▶ Task prompt:
Repeat exactly the lines that run from the start of the records below to the line with "Magnified detail of", including both of those lines but not the pictures.

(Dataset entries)

------------------------------------------------------------

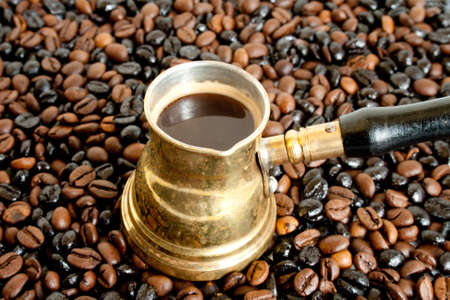 Arab small coffee pot on coffee-beans backgroundの写真素材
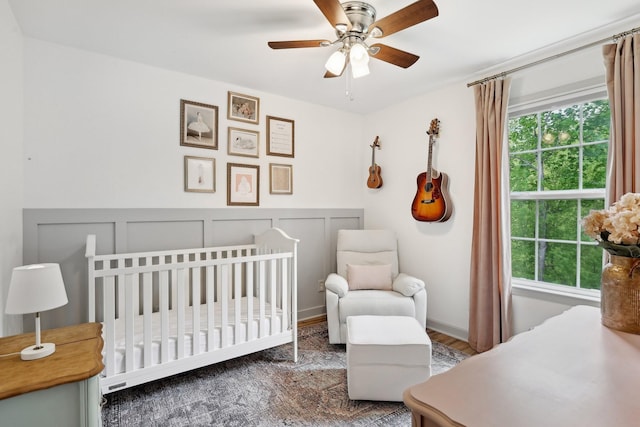 557 Skyview Dr, Ashland City, TN 37015 - bedroom with a ceiling fan, a crib, wood finished floors, and a decorative wall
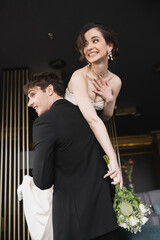 good looking groom in black formal wear lifting cheerful bride with makeup in white wedding dress holding bridal bouquet of flowers while standing in hotel lobby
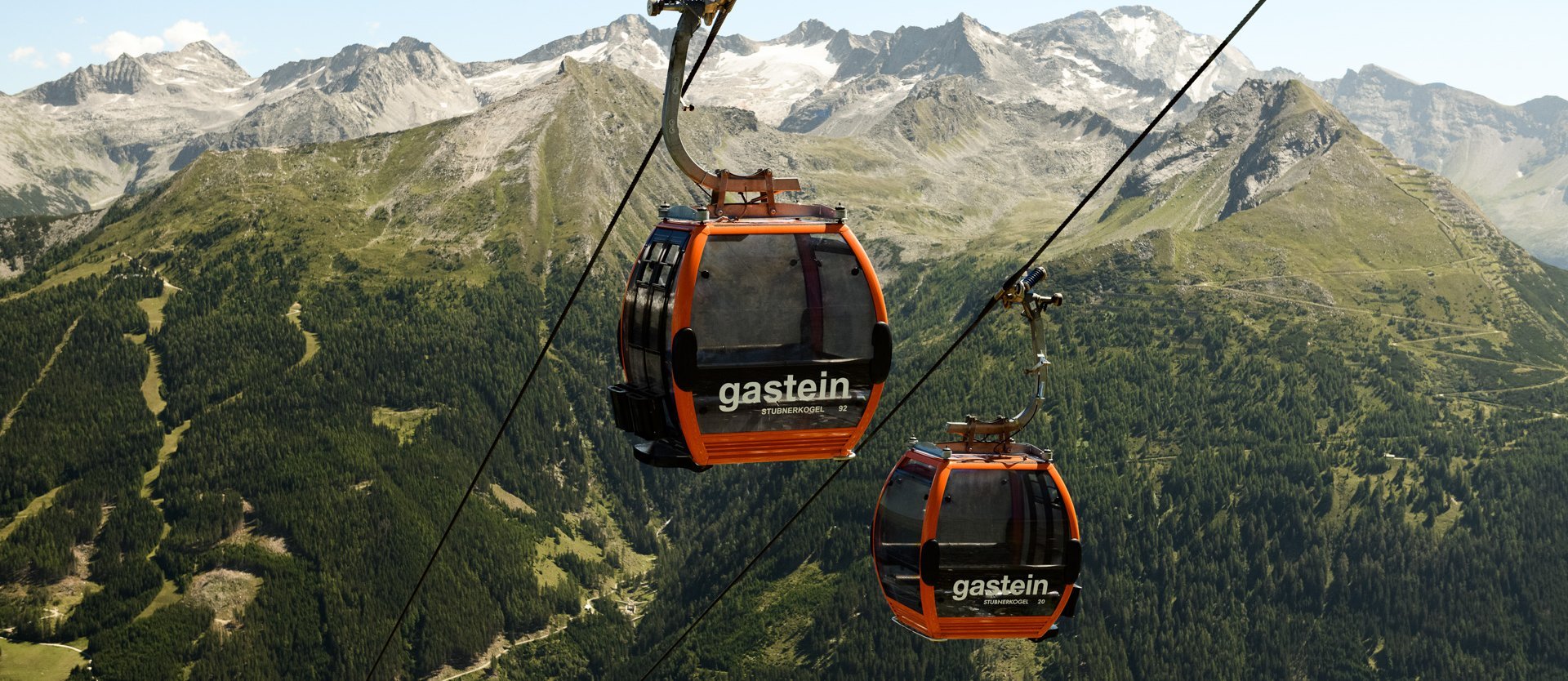Dieses Bild zeigt zwei Gondeln der Stubnerkogelbahn mit einem sommerlichen Bergpanorama im Hintergrund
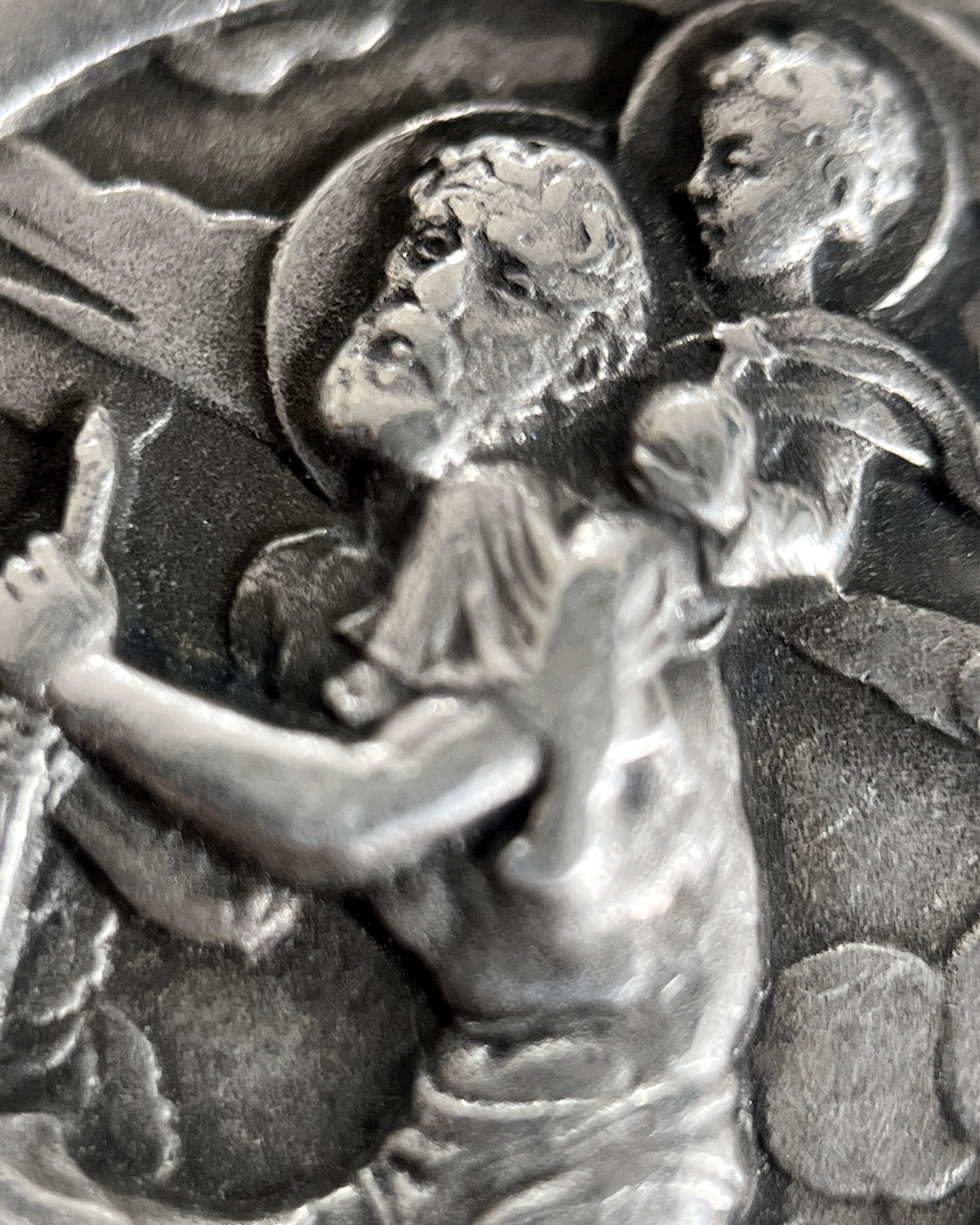 Magnified detail of 1960s French 800 silver St Christopher pendant showing St Christopher, Christ Child, turbulent waters and clouded sky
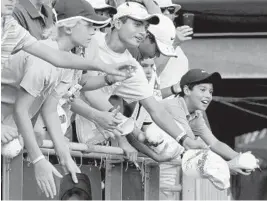  ?? MIKE STOCKER/SUN SENTINEL ?? Young fans try their best to get an autograph from John Isner during the Delray Beach Open tennis tournament after Isner defeated Peter Polansky 6-3, 7-6 (4).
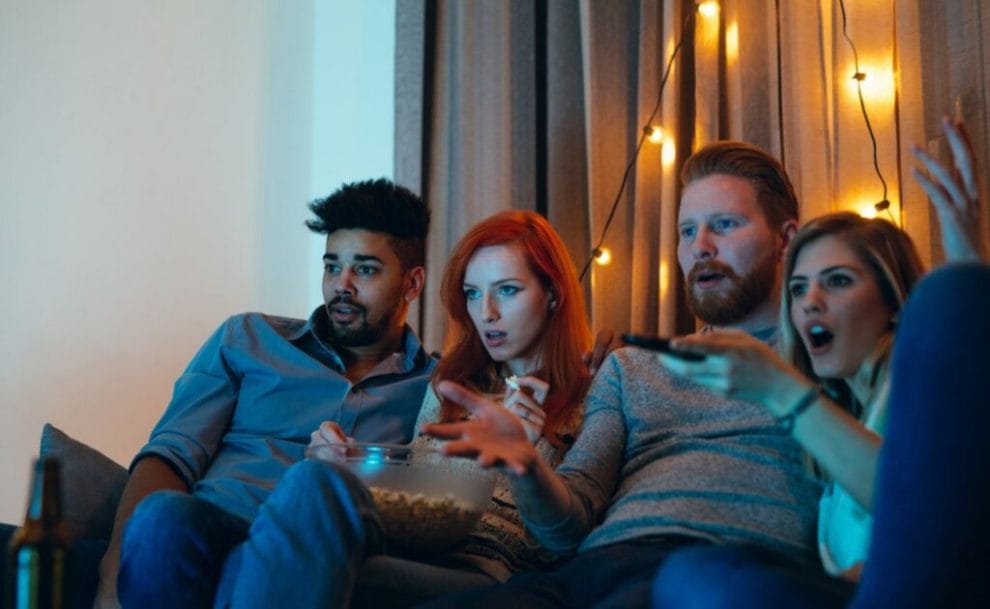 Two couples watching movies.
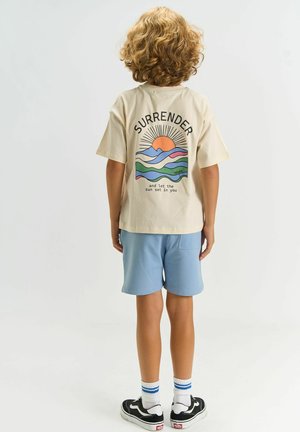 Child with curly hair stands facing away, wearing beige T-shirt with colorful sun and mountains design and words "Surrender and let the sun set in."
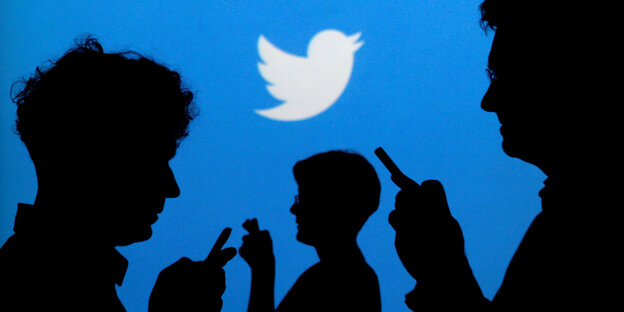Menschen halten Smartphones in der Hand, im Hintergrund ist der Twitter-Vogel zu sehen Menschen halten Smartphones in der Hand, im Hintergrund ist der Twitter-Vogel zu sehen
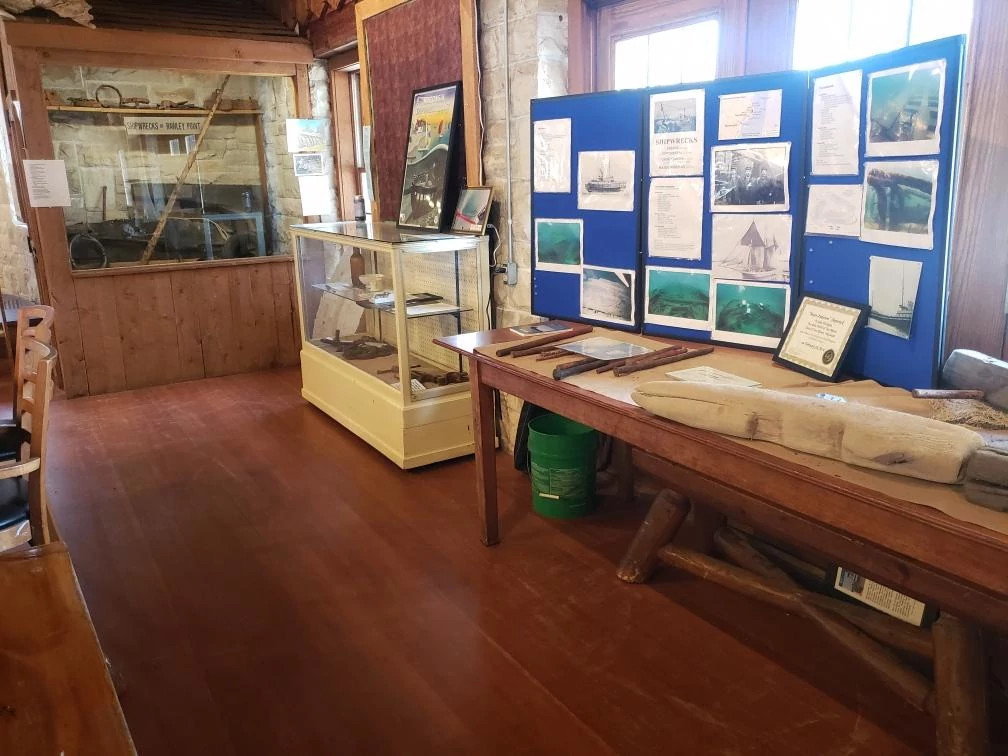 displays and artifacts on a table inside the nature center.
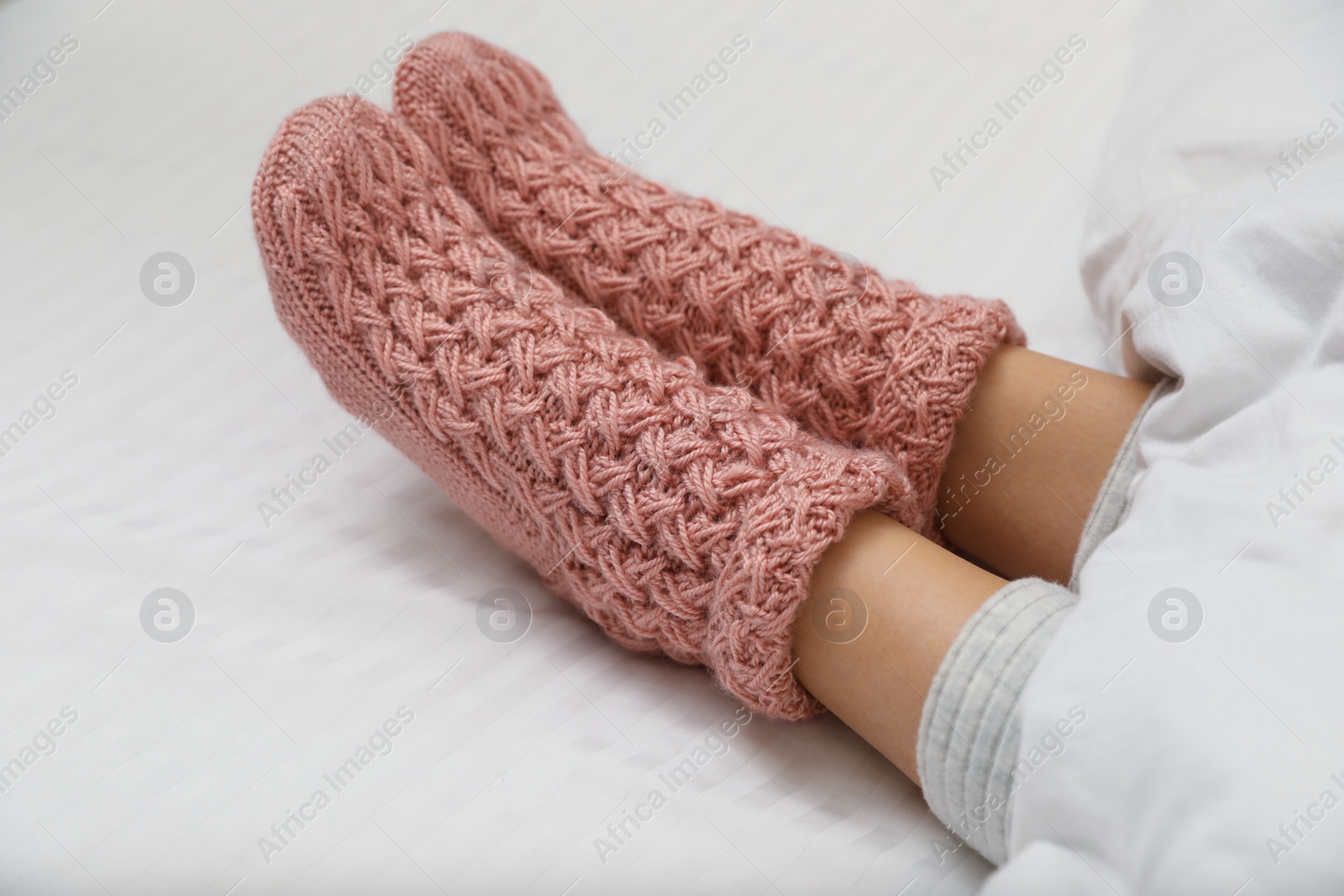 Photo of Woman wearing pink warm socks in comfortable bed, closeup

------------------------------------------------------------

▶ Solution to this task:
 Arab small coffee pot on coffee-beans backgroundの写真素材
 557 Skyview Dr, Ashland City, TN 37015 - bedroom with a ceiling fan, a crib, wood finished floors, and a decorative wall
 good looking groom in black formal wear lifting cheerful bride with makeup in white wedding dress holding bridal bouquet of flowers while standing in hotel lobby
Dieses Bild zeigt zwei Gondeln der Stubnerkogelbahn mit einem sommerlichen Bergpanorama im Hintergrund
 Magnified detail of 1960s French 800 silver St Christopher pendant showing St Christopher, Christ Child, turbulent waters and clouded sky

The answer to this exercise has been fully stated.